> WHAT YOU SHOULD DO: Output the full listing below exactly as it reads, and skip anything that is a picture.

> EXERCISE INPUTS:
%%

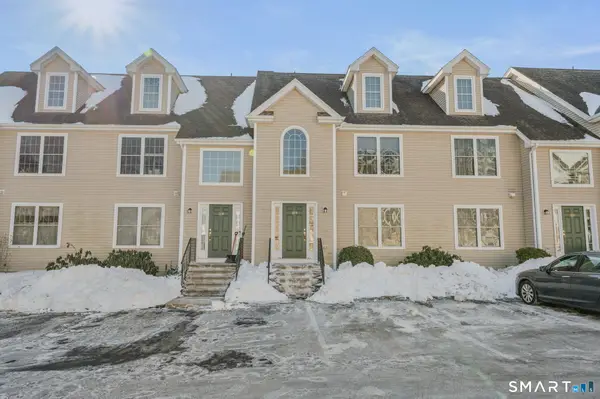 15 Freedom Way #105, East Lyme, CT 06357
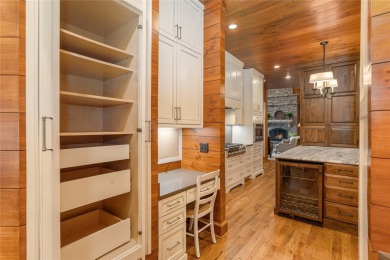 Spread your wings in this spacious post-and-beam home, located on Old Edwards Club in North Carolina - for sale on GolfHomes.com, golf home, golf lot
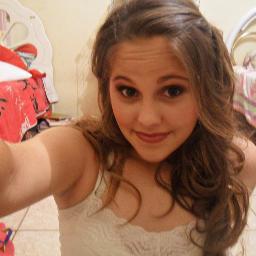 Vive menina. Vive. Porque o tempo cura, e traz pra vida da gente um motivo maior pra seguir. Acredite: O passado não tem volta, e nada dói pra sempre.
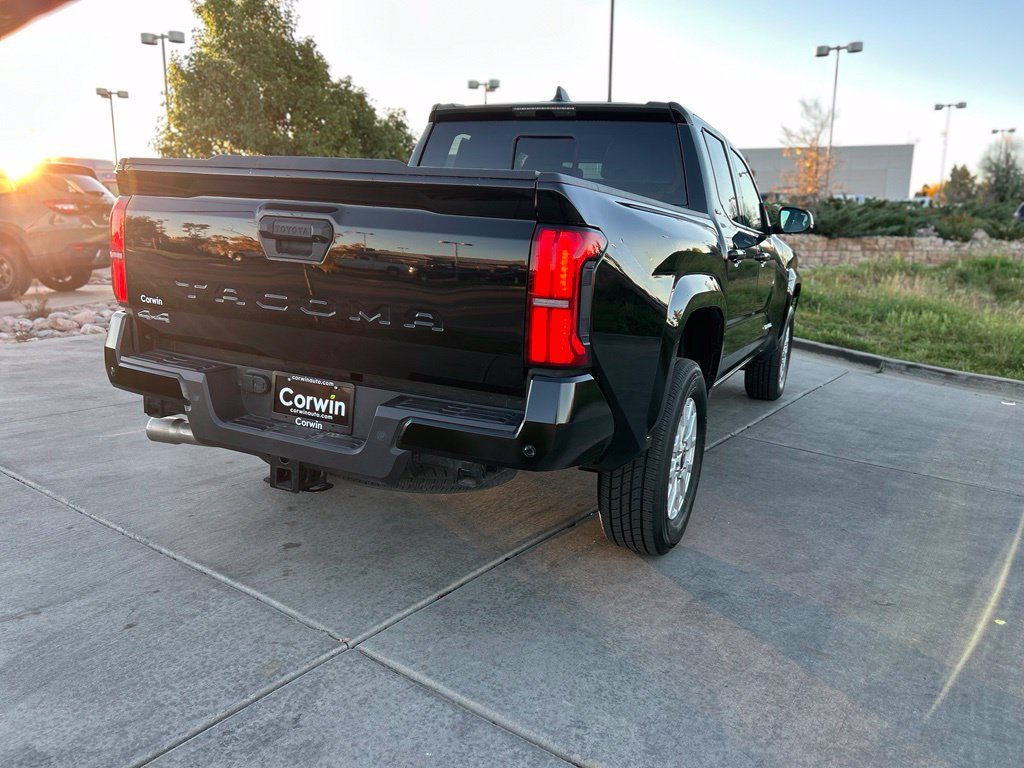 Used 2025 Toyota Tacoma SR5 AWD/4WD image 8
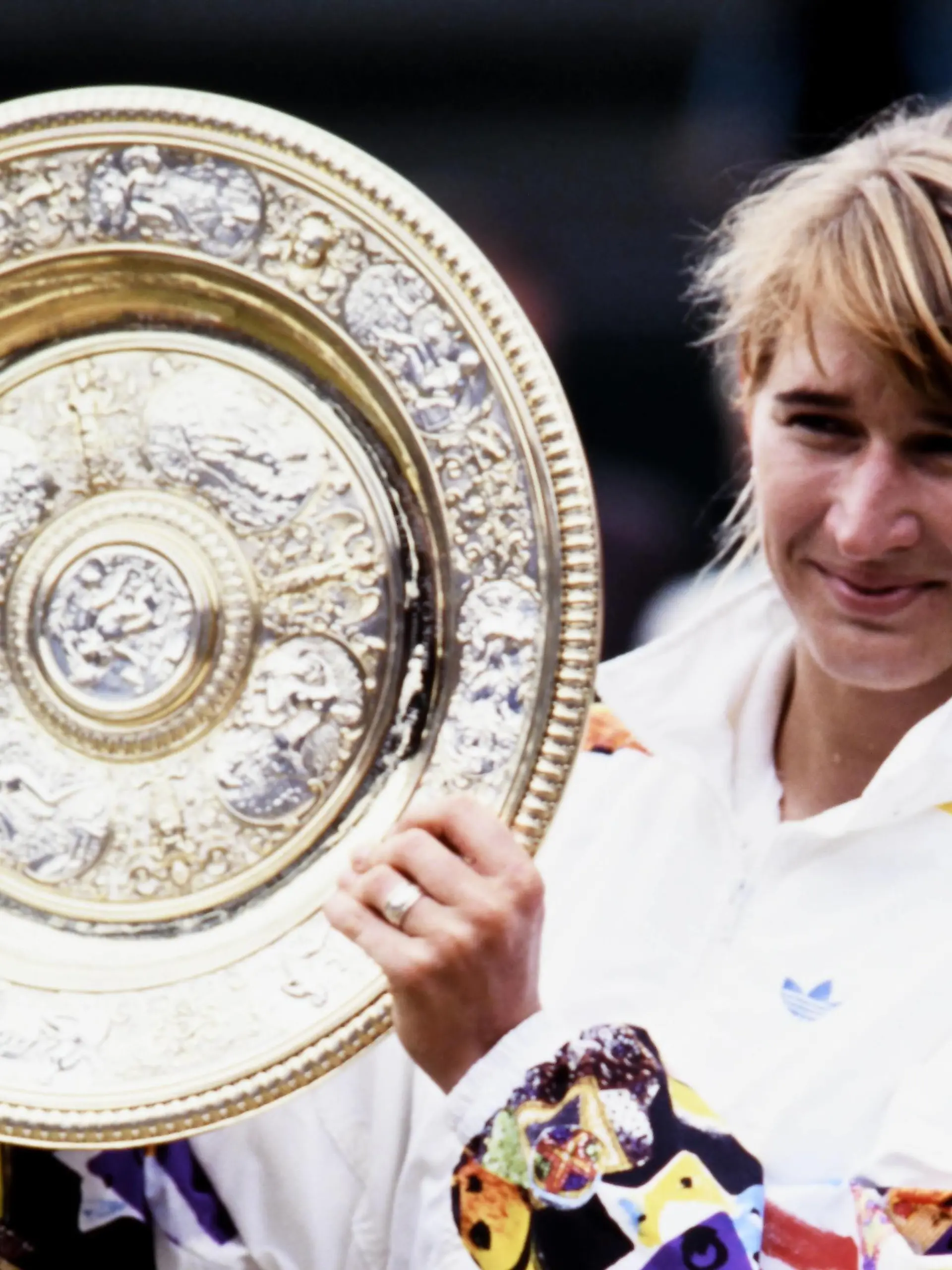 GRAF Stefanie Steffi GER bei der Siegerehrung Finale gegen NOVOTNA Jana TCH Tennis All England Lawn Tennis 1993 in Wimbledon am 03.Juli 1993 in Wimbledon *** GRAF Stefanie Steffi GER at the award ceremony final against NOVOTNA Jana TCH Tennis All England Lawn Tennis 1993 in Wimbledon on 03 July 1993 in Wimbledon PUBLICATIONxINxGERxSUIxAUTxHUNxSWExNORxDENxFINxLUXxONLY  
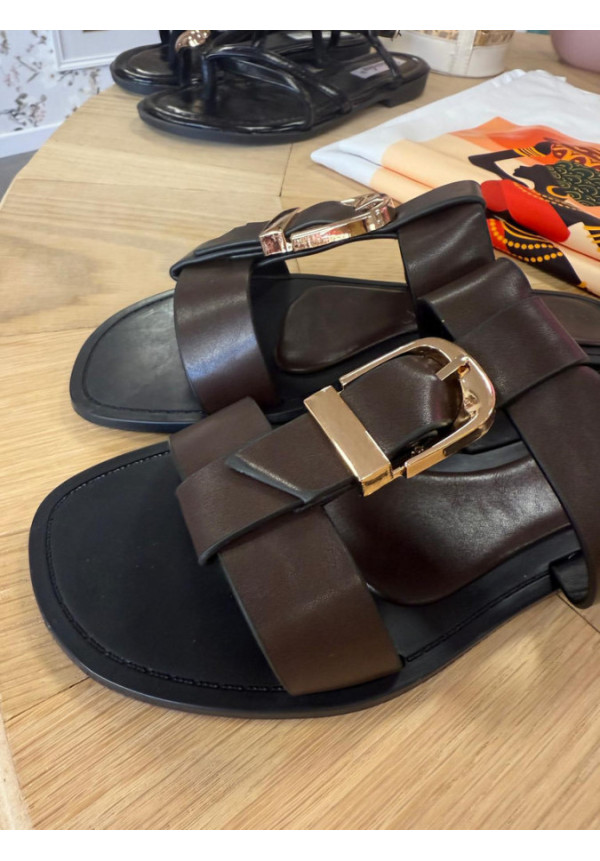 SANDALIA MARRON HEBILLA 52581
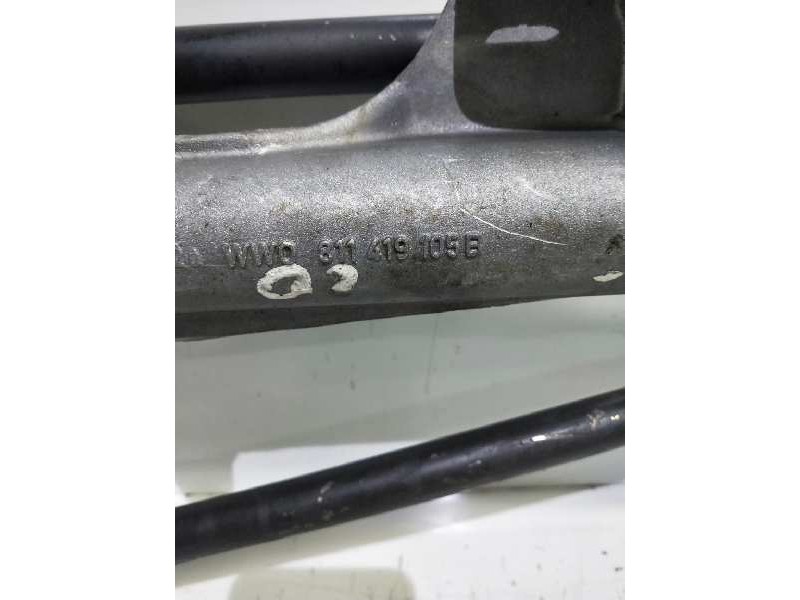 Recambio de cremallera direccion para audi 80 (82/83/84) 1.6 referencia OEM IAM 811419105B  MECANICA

%%

> RESPONSE:
 15 Freedom Way #105, East Lyme, CT 06357
 Spread your wings in this spacious post-and-beam home, located on Old Edwards Club in North Carolina - for sale on GolfHomes.com, golf home, golf lot
 Vive menina. Vive. Porque o tempo cura, e traz pra vida da gente um motivo maior pra seguir. Acredite: O passado não tem volta, e nada dói pra sempre.
 Used 2025 Toyota Tacoma SR5 AWD/4WD image 8
 GRAF Stefanie Steffi GER bei der Siegerehrung Finale gegen NOVOTNA Jana TCH Tennis All England Lawn Tennis 1993 in Wimbledon am 03.Juli 1993 in Wimbledon *** GRAF Stefanie Steffi GER at the award ceremony final against NOVOTNA Jana TCH Tennis All England Lawn Tennis 1993 in Wimbledon on 03 July 1993 in Wimbledon PUBLICATIONxINxGERxSUIxAUTxHUNxSWExNORxDENxFINxLUXxONLY  
 SANDALIA MARRON HEBILLA 52581
 Recambio de cremallera direccion para audi 80 (82/83/84) 1.6 referencia OEM IAM 811419105B  MECANICA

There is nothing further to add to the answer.